There are seedless grapes, seedless oranges and seedless watermelons. Is anyone working on making other seedless fruits? Like say, cherries or peaches? Imagine a world where you wouldn’t have to deal with pits in fruits such as plums or apricots?
Is there a difference between a seed and a pit that makes it more difficult to cultivate a seedless cherry tree? Or do we have to wait until some freak of nature comes along and then clone it?
Just a WAG - I don’t know enough botany to do more - but I suspect the difference has to do with how, on the one hand, you have seeds distributed throughout the fruit, where on the other hand, you have one big seed around which the fruit grows. I don’t know, but perhaps the seed is acting as a kind of scaffold for the fruit.

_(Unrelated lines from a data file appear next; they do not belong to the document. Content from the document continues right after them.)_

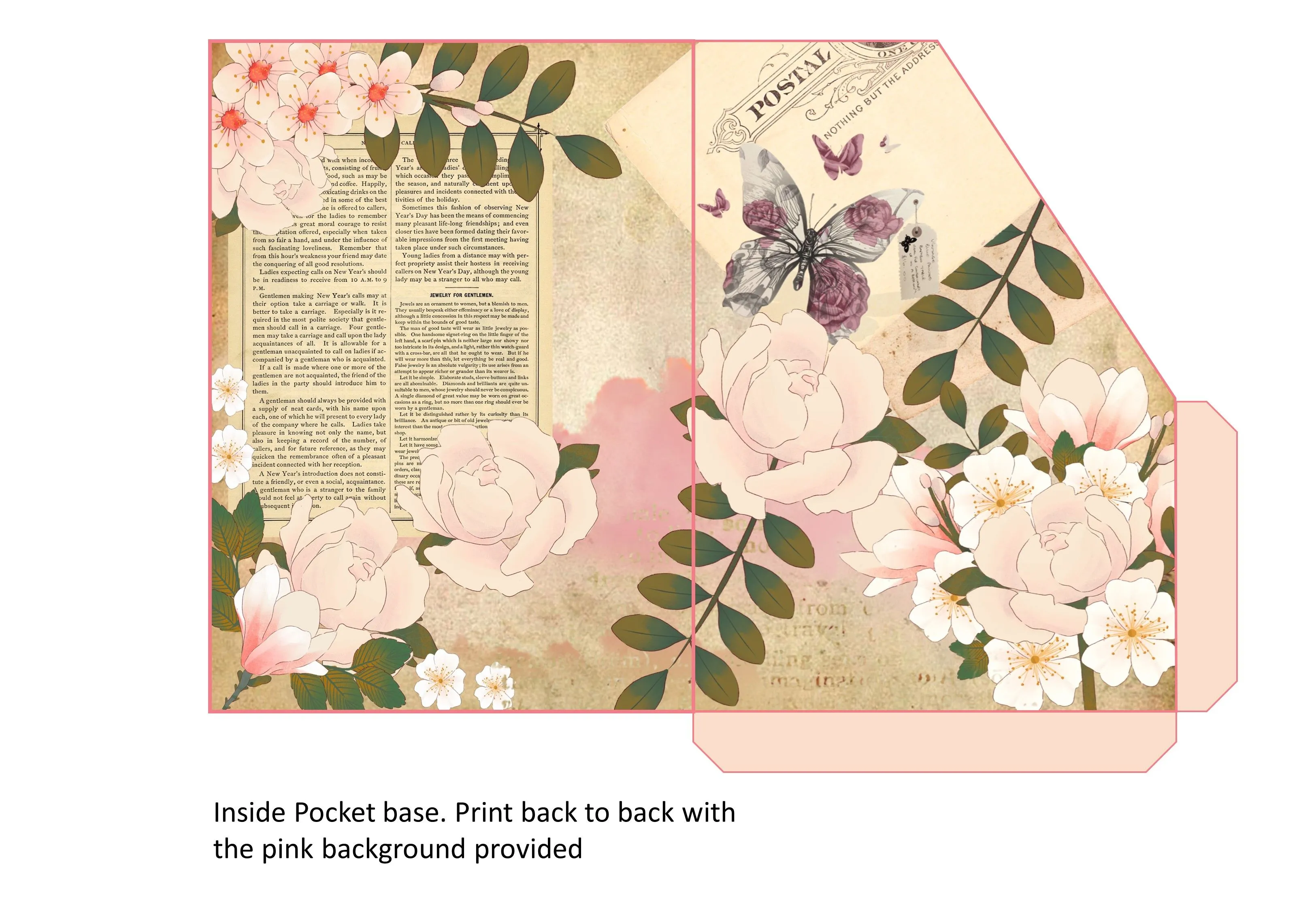 Product image for A165-3. Pocket In A Pocket Card Template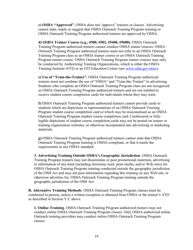 Outreach Training Program Requirements, Page 25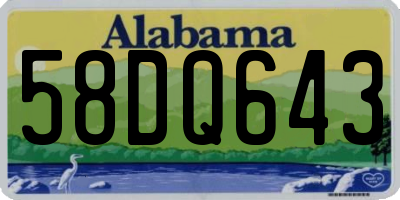 AL license plate 58DQ643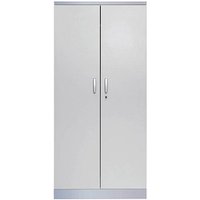 Gürkan Stahlschrank 100123 lichtgrau, weißaluminium 92,0 x 42,0 x 195,0 cm, aufgebaut Gürkan Stahlschrank 100123 lichtgrau, weißaluminium 92,0 x 42,0 x 195,0 cm, aufgebaut von Gürkan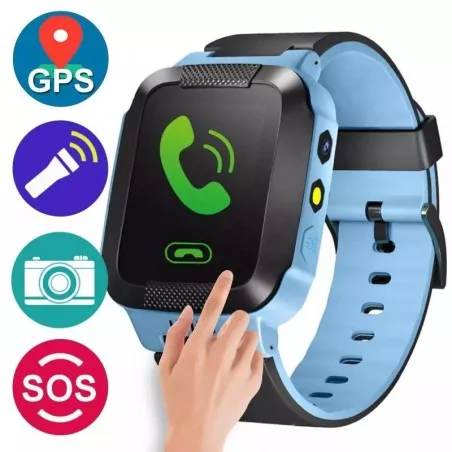 Smartwatch traker copii, Android/IOS. GPS sim, 1.54 inch, camera, bratara silicon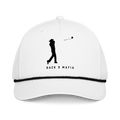 Mafia Rope Hat in white, front — braided rope across the bill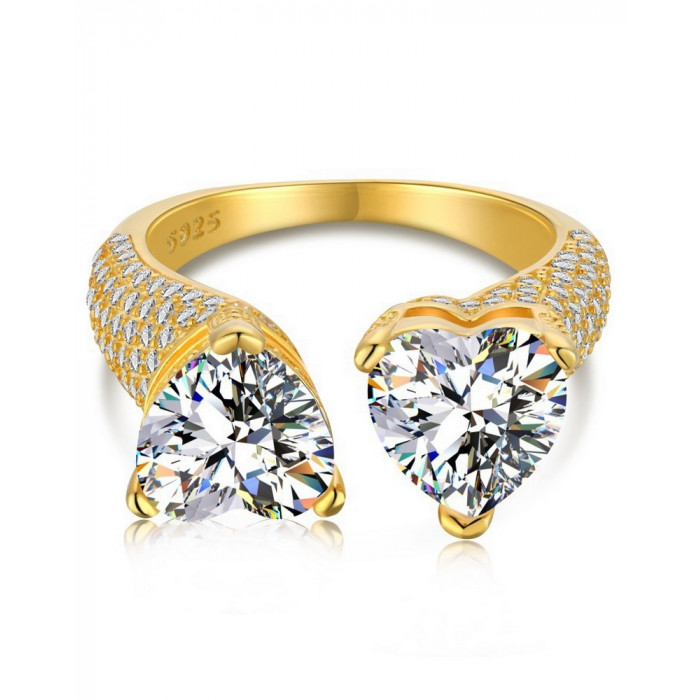 Sublime Bague 2 Cœurs en...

Yes. I think all of the seedless fruits we have at the moment are berries (yes, oranges and watermelons are berries) - and these can be made to form even when there are no seeds, or in some cases, do so regardless naturally.
Drupes (including stone fruits such as cherries, plums, peaches) are a whole different form of fruit that develop in a different way - I suspect that development is more dependent on the presence of the stone.
There are varieties of peach that have donut-shaped flesh surrounding a very small stone - I reckon that’s as close as you can get.
And yes, there are people working on seedless fruits and other vegetables. Monsanto for example is doing a lot of research on that field and getting a lot of flak regarding their linked marketing practices.
The traditional research method is based on noticing that a cultivar (a variety) of fruit is likely to have less seeds than others, and selecting for that trait. The problem then is that, if the cultivar is really grown as a whole plant, you still need some seeds to be able t grow it (some fruits are always grown as grafts, no seeds required).